Today a National Historic Monument, Bastion Ste. Anne has been transformed into an idyllic retreat by internationally acclaimed architect Jack Diamond, working within the rigorous restrictions of les architectes des batiments de France. Throughout the house, ancient stone walls are juxtaposed with clean, contemporary design.
On a chilly night, guests of the Bastion can curl up in the greenhouse-cum-living room with a good book, then let the dark close in on the glass walls as the fire blazes. Foodies will thrive in the contemporary, elegant and perfectly functional kitchen, where goods purchased at Beaune’s Saturday market can be prepared with care.
One window in the house’s loft offers a bird’s eye perspective on the property’s spacious garden and fruit trees; through another, see Beaune’s picturesque rooftops spread out before you. When you’re ready to retire to the master bedroom, you can take in a bit of history as you notice the ancient numbers painted thickly on the stones around you—they were the guards’ way of recording ammunition inventory centuries ago.
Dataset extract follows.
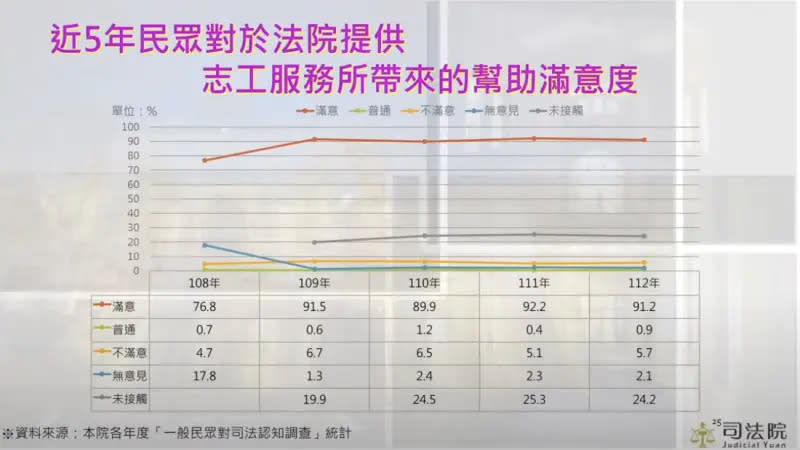 ▲近五年民眾對於法院提供志工的滿意度（圖／司法院提供）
Bastion Ste. Anne: A Timeline
A stone wall is built around Beaune to control the flow of grapes coming into (and prized Beaune wine going out of) the city.
After the last Duke of Burgundy is defeated, Beaune refortifies its walls against the threat of invasion by King Louis XI.
A key addition to the city’s fortifications is built in the Thirty Years’ War, and the idyllic Bastion Ste. Anne is born.
Against the northern wall, an arms cache and office for the guard is constructed – the gem-like house that still stands today.
The city ramparts are transformed into wine cellars – but not the walls of Bastion Ste. Anne, which were made from solid stone to better support cannons.
The house becomes home to the gardener who tends the grounds, and an adjacent greenhouse is erected.
Early 20th Century
The gardens flourish, the orchard grows, and livestock roam within the walls as the city and the world outside evolve.
The Bastion Ste. Anne is transformed into a private hideaway, as the building is restored and reinvented by famed architect Jack Diamond.